4. Royksopp – The Understanding: Epic. Their first album, Melody AM, does nothing to prepare you for hearing this. From huge techno epics like “Triumphant” and “Alpha Male”, to pumping dance tracks like “Only This Moment”, “Follow My Ruin”, and “Beautiful Day Without You”, to emotional breakbeat tracks like “49 Percent”, “What Else Is There?”, and “Someone Like Me” they do no wrong. As an electronic act, Royksopp’s ability to cover so many moods so well on The Understanding is relatively unparalleled in my experience. The album is flawless from beginning to end. I would compare the album to UNKLE’s Never, Never Land, but The Understanding is better crafted and more enjoyable. And, with Royksopp’s production on fellow Norwegian Annie’s album (See #2), clearly they’re a master at pop as well. Being part Norwegian, I feel a lot of pride this year. Great cover, too.

3. Sleater-Kinney – The Woods: This is the only rock album on this list, and maybe the reason is because it’s so far and above anything else I’ve heard recently. Yes, this is Sleater-Kinney’s “maturity record”. But, that usually means boring. These songs are filled with passion. From the raw intensity of album opener “The Fox”, you know Sleater-Kinney aren’t fucking around. The clear album highlights are “What’s Mine Is Yours” and “Let’s Call It Love”. Both songs are a startling departure for them. “What’s Mine Is Yours” begins normal enough, but in the middle there is a sudden roaring guitar solo from Carrie Brownstein. “Let’s Call It Love” is an 11 minute swirling freak-out. Yet, when you listen to these two songs, it is clear Sleater-Kinney are not creating wank for wanking sake. There’s so much passion in the songs, you can hear this is coming from an emotional place. “Let’s Call It Love” segues without pause into final song “Night Light”, which with it’s pleading vocal and down turning chords ends things on a moving, melancholy note. Sleater-Kinney haven’t forgotten to write great songs. As powerful as songs like “Wilderness” and “Jumper” are, they’re also very melodic, which shows how far Sleater-Kinney have truly come from their punk grrrl roots. It’s been an evolution on all on their own terms. There’s still room for social commentary, as on “Modern Girl” and the raging “Entertain”. In my opinion, no rock album comes close to the breadth of emotion, talent, and sheer rock ‘n’ roll power that Sleater-Kinney has with The Woods.

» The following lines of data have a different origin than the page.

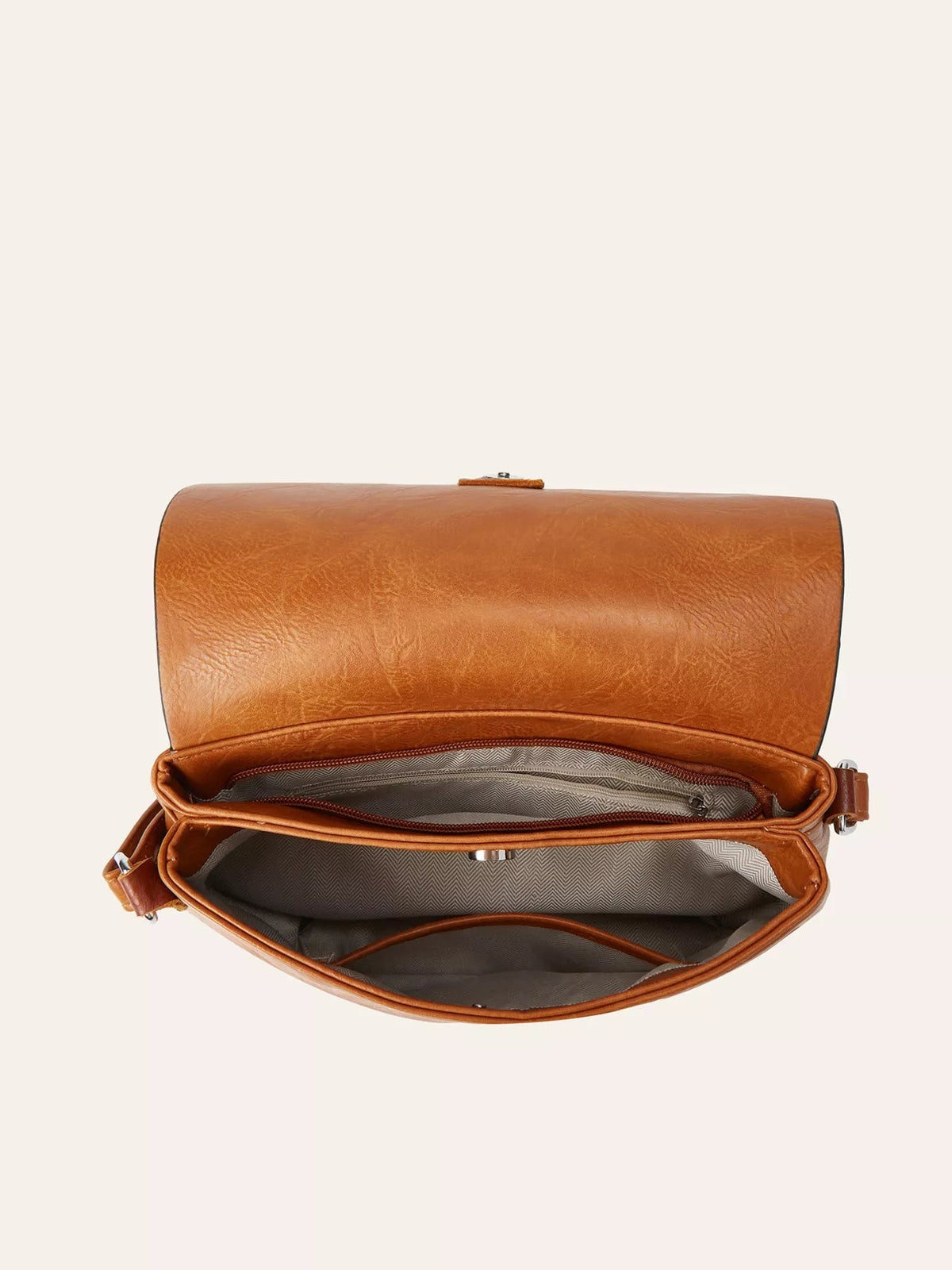 Open medium brown vintage PU leather flap crossbody bag showing multiple compartments, zippered sections, and patterned fabric lining.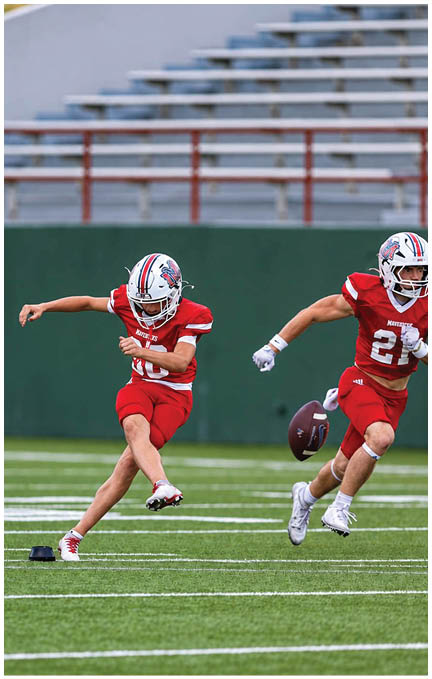 A football game is taking place with a group of men on the field. Description generated by AI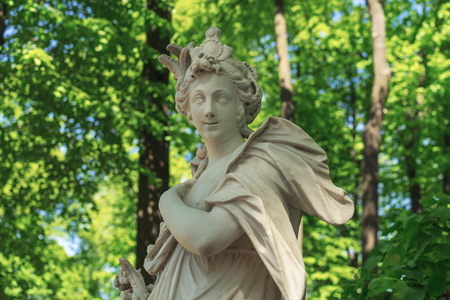 Saint Petersburg, RUSSIA - May 28, 2018: Classical sculpture composition a female  in the summer garden in St. Petersburgのeditorial素材
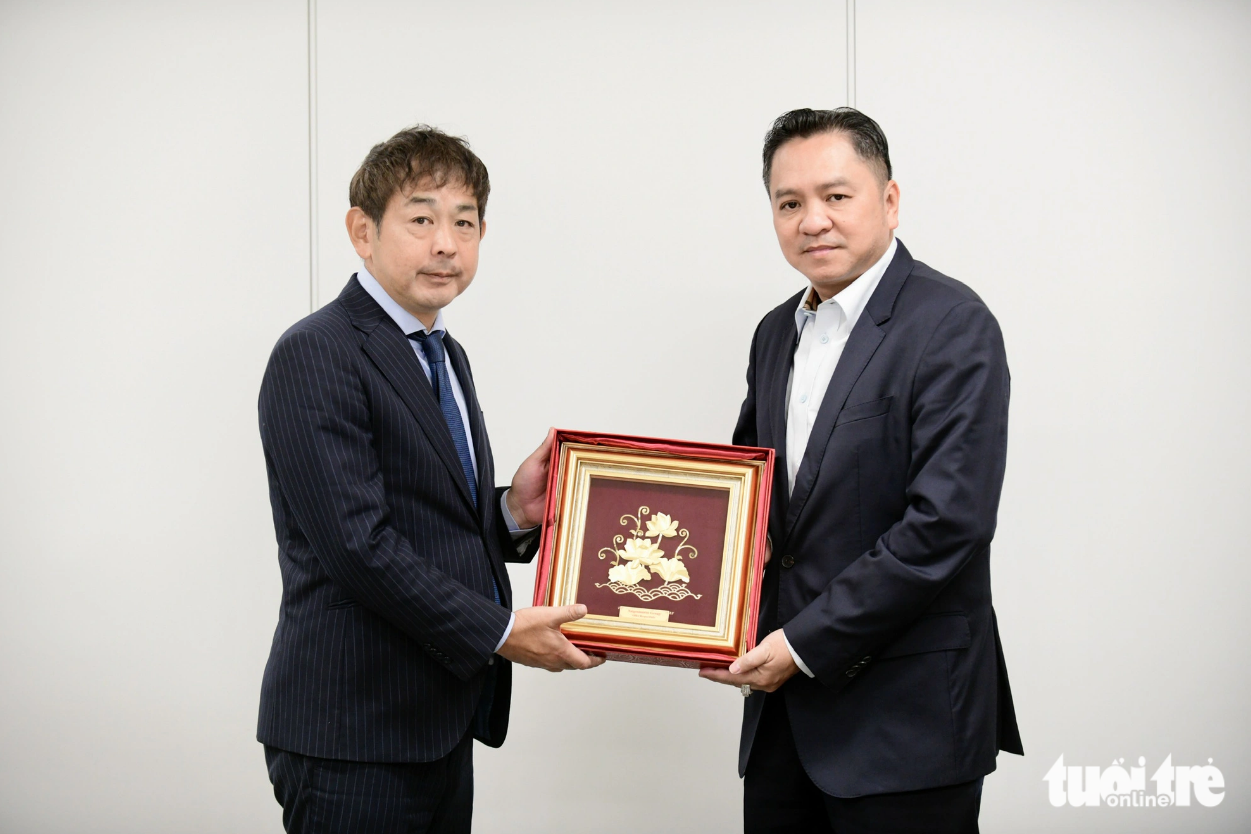 Pham Huy Binh (R), chairman of Saigontourist Group, hands a picture of lotus to Yoshiro Tanaka, deputy editor-in-chief of Mainichi. Photo: Quang Dinh / Tuoi Tre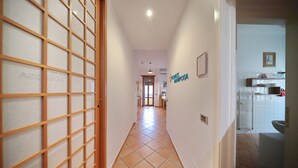A hallway with a tiled floor, a wooden door with a grid pattern, and a sign on the wall.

2. Annie – Anniemal: Pop is not a dirty word. Not when it sounds this good. Pop music normally doesn’t deserve production and beats this good. But, Annie does because she has charisma to spare. If you’re a guy, you’ll likely fall a little in love with her. I admit I have been seduced. She’ll play hard to get (Chewing Gum), she’ll chew you out (Always Too Late), she’ll shyly hit on you (Heartbeat), she’ll slyly hint how good she is in bed (Anniemal), and she’ll tell you how in love she is (Greatest Hit). Her singing makes you listen to the lyrics, and it’s rare that lyrics matter in pop songs. There’s more to her voice than I think we’ve seen yet, judging from “Wedding” (where yes, finally, she wants to marry you) from Annie’s DJ Kicks CD. Partnered with the production talents of Richard X and Royksopp, it’s no wonder Anniemal sounds so fantastic. I think “Chewing Gum”, rather than “Heartbeat”, is the perfect pop song. I wasn’t too impressed with “Heartbeat” at first. But wouldn’t you know it, the song got lodged in my head at some point too. The whole album has. Artistically, the album is phenomenal. Listen to the sparkling disco of “Greatest Hit”, or the complexity in the beat structure of “Heartbeat”, or the acid house mid-section in “Come Together”. I defy anyone to name a better pop album to come out in the last ten years.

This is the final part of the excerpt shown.